Pada kesempatan ini, Sekretaris Daerah DIY, Beny Suharsono menyoroti implementasi falsafah Hamemayu Hayuning Bawana yang bermakna kehidupan harmonis antar manusia dan antara manusia dengan alam. Yang mana, agar mampu menghadapi dan mengatasi berbagai potensi bencana dan konflik di DIY, semangat dan komitmen kebersamaan adalah hal mutlak.
“Kita sadar, hidup di Jogja itu harus living in harmony dengan bencana. Maka kita harus bersama-sama untuk penanganan bencana dan konflik ini. Bersama-sama menyusun lalu membuat rencana aksinya. Juga bersama Keraton, bersama dengan kabupaten/kota, terutama Bantul dan Pemerintah Kota Jogja, menyusun peta jalan agar warisan yang sudah diwariskan kepada kita itu dapat kita pertahankan yang muaranya pada peningkatan kesejahteraan masyarakat,” jelas Beny.
Beny menyebutkan, Sumbu Filosofi ialah warisan terunik, sangat istimewa di dunia karena yang diwariskan adalah filosofi—filosofi tersebut, yang di dalamnya terkandung nilai yang sangat luhur. Filosofi tersebut melekat bersama Panggung Krapyak sampai ke Tugu Pal Putih sebagai penandanya.
“Kita mewarisinya (Sumbu Filosofi) sudah dengan kondisi eksisting yang sekarang kita hadapi. Mungkin akan ditemukan di beberapa warisan dunia di belahan lain itu ruang yang benar-benar kosong gitu ya. Masyarakatnya bahkan ada yang digeser, tapi kalau kita tidak. Karena ini adalah bersama. Untuk bersama lalu meningkatkan derajat bersama.

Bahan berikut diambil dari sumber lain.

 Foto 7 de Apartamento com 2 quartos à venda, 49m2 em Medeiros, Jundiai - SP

Jadi komiten yang kita bangun bersama-sama dalam kerangka itu,” ungkap Beny.
Carik KHP Datu Dana Suyasa Karaton Ngayogyakarta Hadiningrat, KMT Yudhawijaya dalam diskusi ini menyampaikan, menurutnya, selain melihat peninggalan fisik konsep tata ruang Sumbu Filosofi, seperti Panggung Krapyak di sebelah selatan, Keraton Yogyakarta, dan Tugu Pal Putih di sebelah utara, UNESCO menetapkan Sumbu Filosofi sebagai Warisan Budaya Dunia karena melihat intangible value, yakni 3 nilai falsafah Jawa dan empat karakter yang dikenal dengan sebutan watak kesatria (Nyawiji, Greget, Sengguh, Ora Mingkuh) warisan Pangeran Mangkubumi yang masih hidup di dalam masyarakat Jogja hingga saat ini.
Nyawiji berarti berkonsentrasi, greget berarti semangat, sengguh berarti rasa percaya diri, dan ora mingkuh berarti bertanggung jawab. Hidupnya nilai luhur falsafah dan watak kesatria tersebut terbukti dari mampunya DIY untuk kembali bangkit pulih dari beberapa bencana maupun konflik yang pernah melanda.

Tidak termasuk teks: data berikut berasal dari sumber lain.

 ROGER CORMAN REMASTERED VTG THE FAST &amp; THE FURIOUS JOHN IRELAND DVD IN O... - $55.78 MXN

“Kita masih ingat tahun 2006 ketika Yogyakarta diguncang gempa dengan jumlah korban yang tidak sedikit. Setahun kemudian 2007, kita tidak hanya memperingati setahun terjadinya gempa Jogja, tapi pada masa itulah Kota Jogja menjadi center of excellent untuk penanganan dan penanggulangan bencana. Kita bukan hanya pulih tapi menjadi center of excellent untuk semua pihak bahkan negara-negara dari luar Indonesia belajar tentang penanganan gempa di sini. Kita juga masih ingat ketika pada tahun 2010 itu terjadi erupsi Merapi. Kita melihat sendiri bagaimana arus dukungan warga dari arah selatan ke arah utara,” papar KMT Yudhawijaya.

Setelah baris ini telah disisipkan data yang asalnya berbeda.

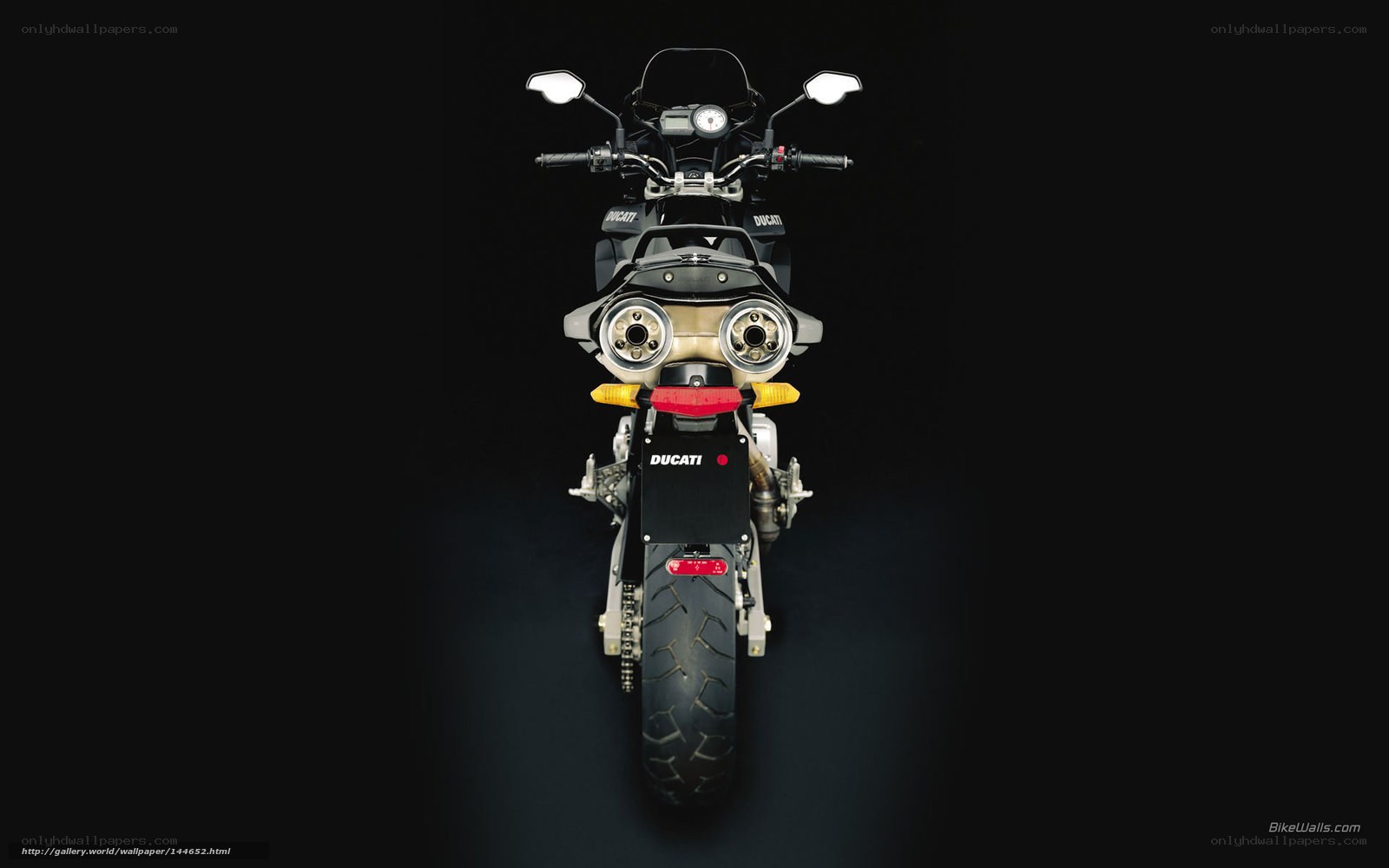 Ducati motorcycle rear view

Lebih lanjut KMT Yudhawijaya mengatakan, dalam mengatasi berbagai potensi bencana atau konflik di DIY, untuk itu, Keraton Yogyakarta sejak dulu hingga sekarang masih menjaga tata nilai yang ada dalam bentuk tradisi dan prosesi, dengan masih menyelenggarakan berbagai hajad dalem. Seperti melaksanakan Labuhan di Gunung Merapi dan Pantai Parangkusumo.
“Kita tahu bahwa labuhan itu ada kiriman utusan dari Keraton Yogyakarta ke Merapi dan Pantai Parangkusumo di antaranya. Itu sebetulnya simbol yang nyata bahwa kasultanan itu memberikan semacam edukasi kepada masyarakat untuk ngaruhke. Konsepnya Hamemayu Hayuning Bawana itu menjaga. Jangan sampai tindakan kita itu justru merusak keseimbangan karena itu salah satu yang paling penting dalam budaya Jawa, keseimbangan dan harmoni. Jadi ketika labuhan itu dilaksanakan, itu sudah memberikan pesan yang nyata bahwa pertama kita hidup berdampingan dengan wilayah yang rawan bencana. Yang ke-2, apapun yang akan terjadi meskipun itu di luar kehendak kita, kita sudah memiliki resiliensi, ketangguhan melalui pembangunan karakter yang tadi saya sampaikan,” terang KMT Yudhawijaya.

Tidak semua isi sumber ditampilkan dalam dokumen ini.